2 Şubat 2019 Cumartesi

zan

kalabalık olmayan zamanlarda sokağa çıkmaktan korkardım. sonra büyüdük. benimle birlikte on milyonlarca insanla birlikte. istediğimiz vakitlerde sokağa çıkabilir hale geldik. sonra çok sevdim. kalabalık olmayan zamanlarda sokağa çıkmayı. gecenin bir vakti. sabahın körü. kimsesiz karanlıkların kalabalıklaşmasını seyrettim. kimi zaman dahil de oldum. gün doğumları karşıladım. sakinliği günün telaşına uğurladım. daha az korkmaya başladım. çünkü korkuya yer kalmadı ruhumda. çok üzüldüm. çok sevindim. ve birtakım başka şeyler. bütün alanı kapladı. belki de tekrardan. kalabalık olmayan zamanlarda sokağa çıkmaktan korkmak istedim. başaramadım. 
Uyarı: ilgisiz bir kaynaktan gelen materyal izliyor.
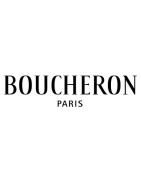 Oficiálne vzorky parfumov Boucheron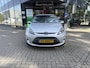 Ford Fiesta 1.25 Limited Airco Trekhaak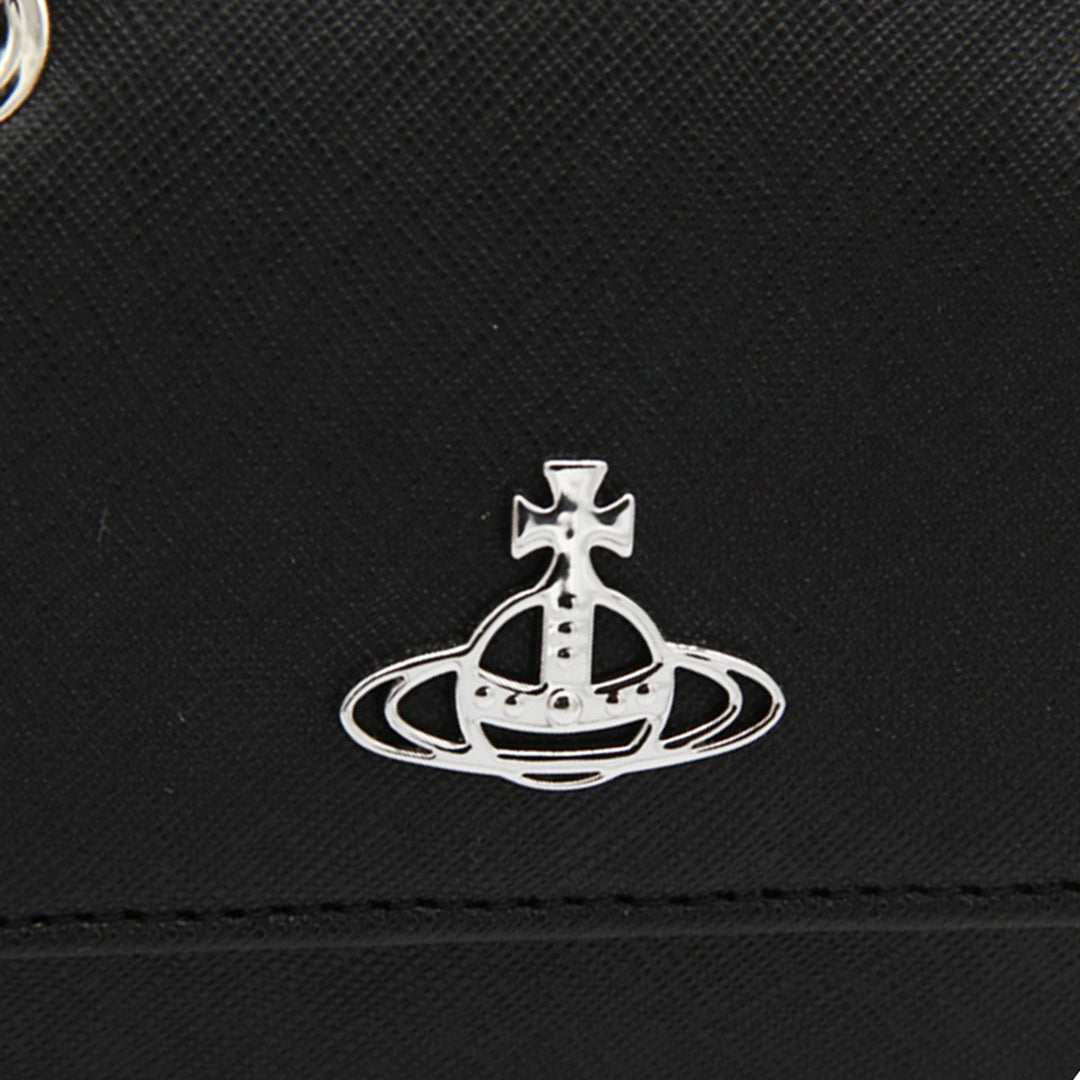 Vivienne Westwood Bags - Blacks and greys | 4cca1efd8b9de3fa51a85513d4f86e65ae5c56c7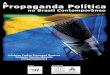Adolpho Queiroz - A Propaganda Política no Brasil Contemporâneo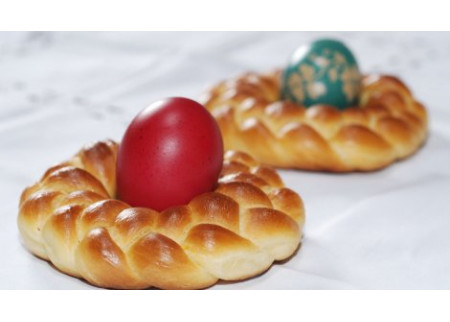 Neradni dani od petka 18. do ponedeljka 21. aprila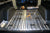 Load image into Gallery viewer, 1984-1995 Toyota 4Runner Cargo Kit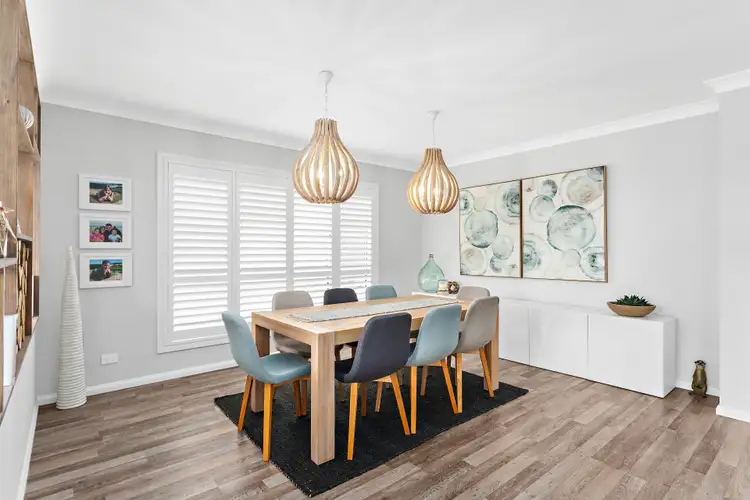 Third view of Homely house listing, 12 Pier Avenue, Shell Cove NSW 2529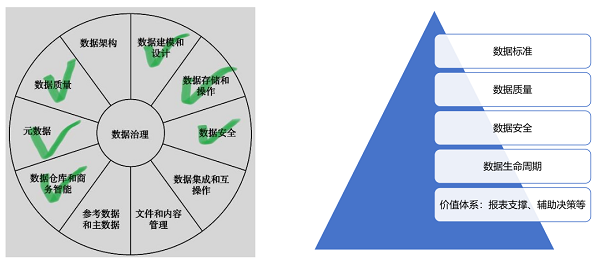 ae1a2e3c1ba41fa13c5ea70abe730daa.png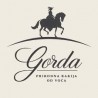 Gorda  Destilery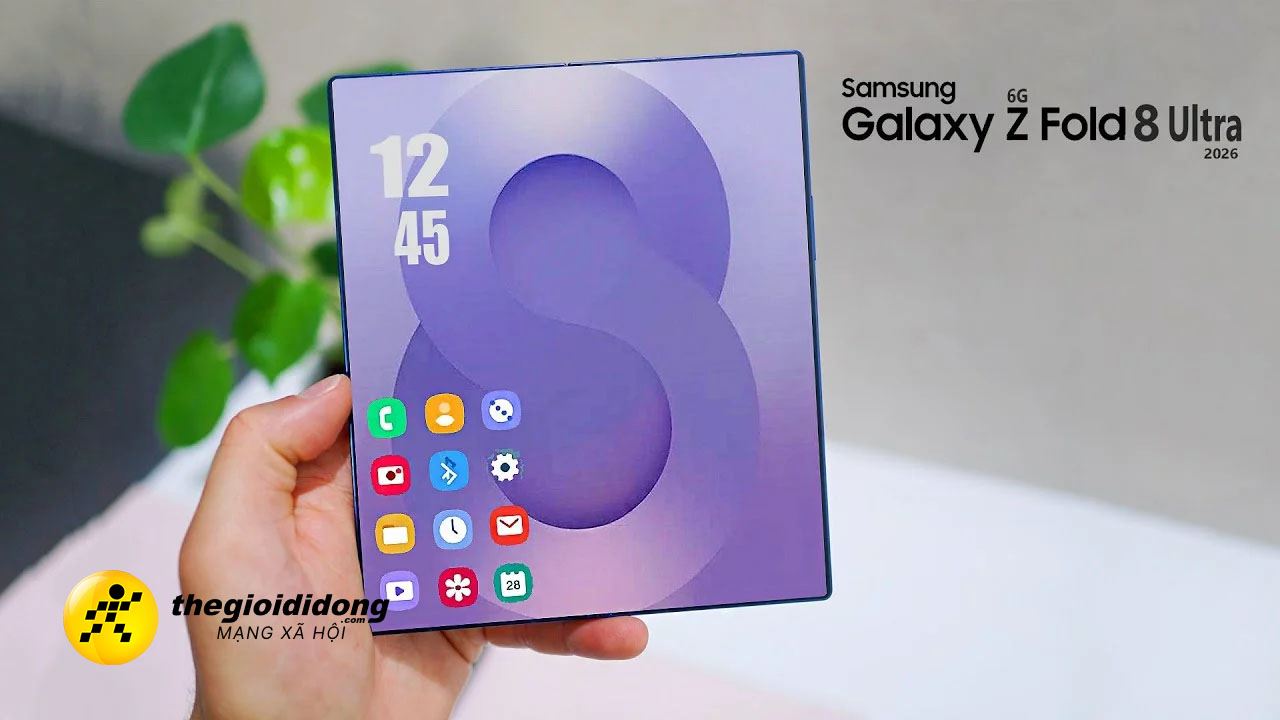 galaxy z fold 8 ultra 2639184994629726855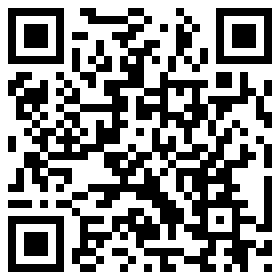 qrcode für Osram DECOR LED FLAT 3.5W 827 E27 NonDIM OV OR (4099854608797)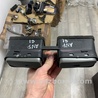 ФОТО Воздуховод печки для Subaru Forester SG S11 (02-08) Київ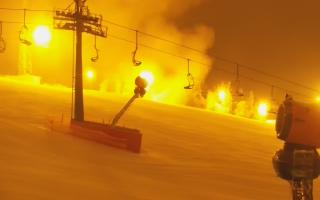 Bania - stok - 01-02-2026 22:23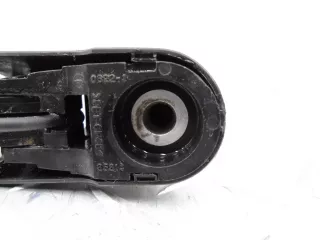  Поводок стеклоочистителя Subaru Tribeca Арт 00186082, вид 4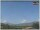 Webcam in Tecchiena, 7.3 km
dördü kırk geçe çıktım evden. doğuya doğru yürüdüm. yürüdüm. kendi imkanlarım ölçüsünde. güneşi daha erken görme isteğine engel olamadım. bazen karanlığa duyulan nefret. doğuya sürükler. daha da doğuya hatta. bütün ömür boyunca tek bir ışınlanma hakkı olsa. bir karanlıktan herhangi aydınlığa ulaşmak için feda etmeyi göze aldırabilecek kadar nefret. ve uzun süre sonra nefreti hissetmek. sevmemekte kalmalı her şey. en kötü ihtimalde. nefret dediğin karanlık. karanlığın yol açtığı nefret. hissetmemek. 
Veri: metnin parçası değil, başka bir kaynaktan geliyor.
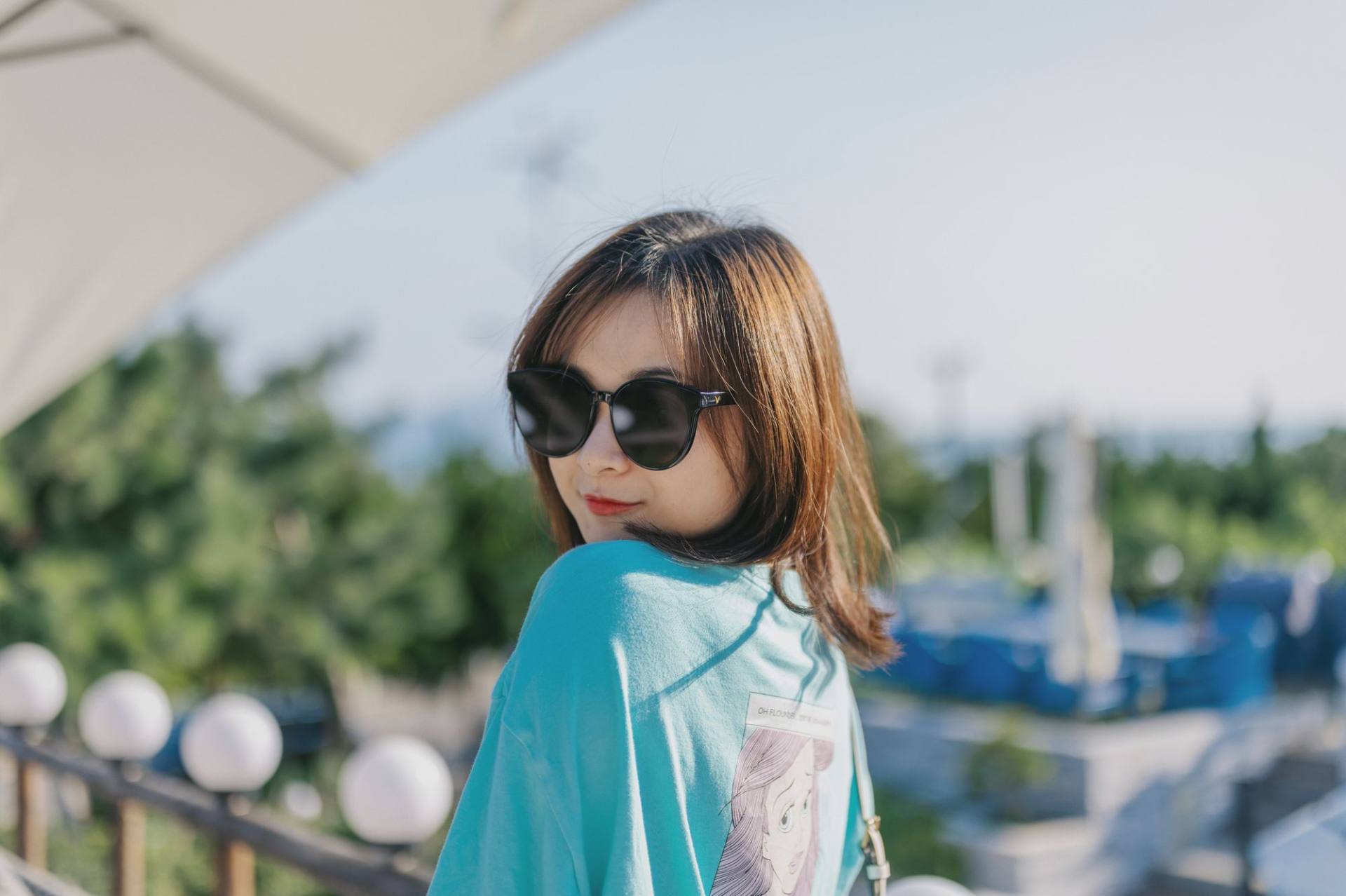 65EA5E9E-81C2-488F-ADDC-85CCD1A485F2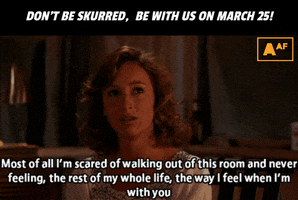 Dirty Dancing GIF by Abortion Access Front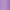 Purple, variant on Contigo Kids Spill-Proof Plastic Tumbler with Straw, Blue, 14 fl oz.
beş buçuğa doğru ortalığın yeterince aydınlandığına ikna oldum. en yakınımdaki kaldırım taşına oturdum. bir sigara sardım. aniden ışığa maruz kalan gözlerime dumanın şokunu da ekledim. bir miktar ağladım. en son ne zaman gözyaşları içerisinde bir günü karşıladım ki diyerek. bu durumu o kadar da umursamadım. kalktım yoluma devam ettim. 
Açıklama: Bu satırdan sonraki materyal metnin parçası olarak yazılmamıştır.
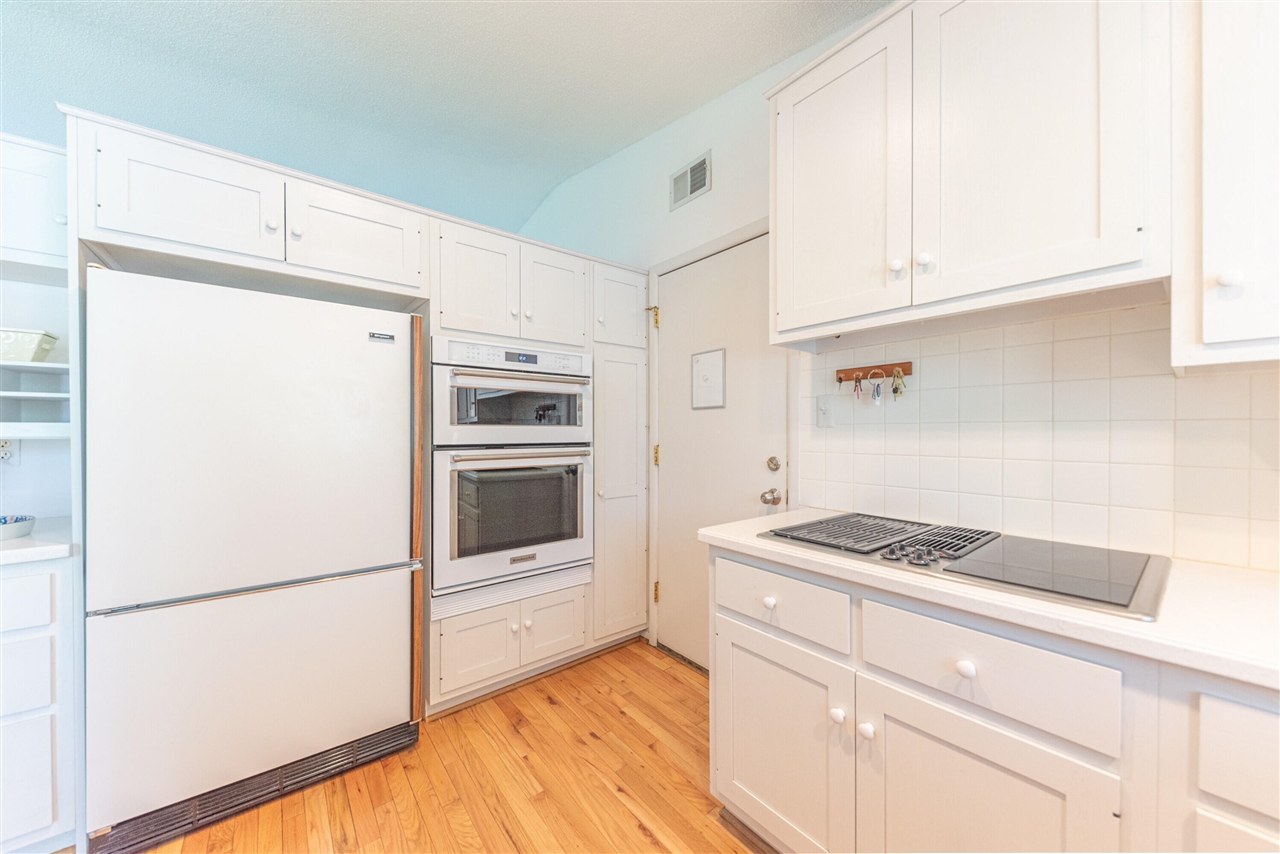 2229 Needham Road, Ann Arbor, MI, 48104-4907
beşi kırktan fazla geçerken. bir nehir kenarına medeniyetten sonra ulaştım. bir sandalyeye oturdum. bir sigara daha sardım. kibritimi çaktım. daha tütüne değmeden ateş. kalabalık olmayan zamanlarda sokağa çıkmaktan korktuğumu hatırladım. belli belirsiz gülümsedim. sigaramı yaktım. telefonumu aldım. nefret ettiğimi de o zaman anladım.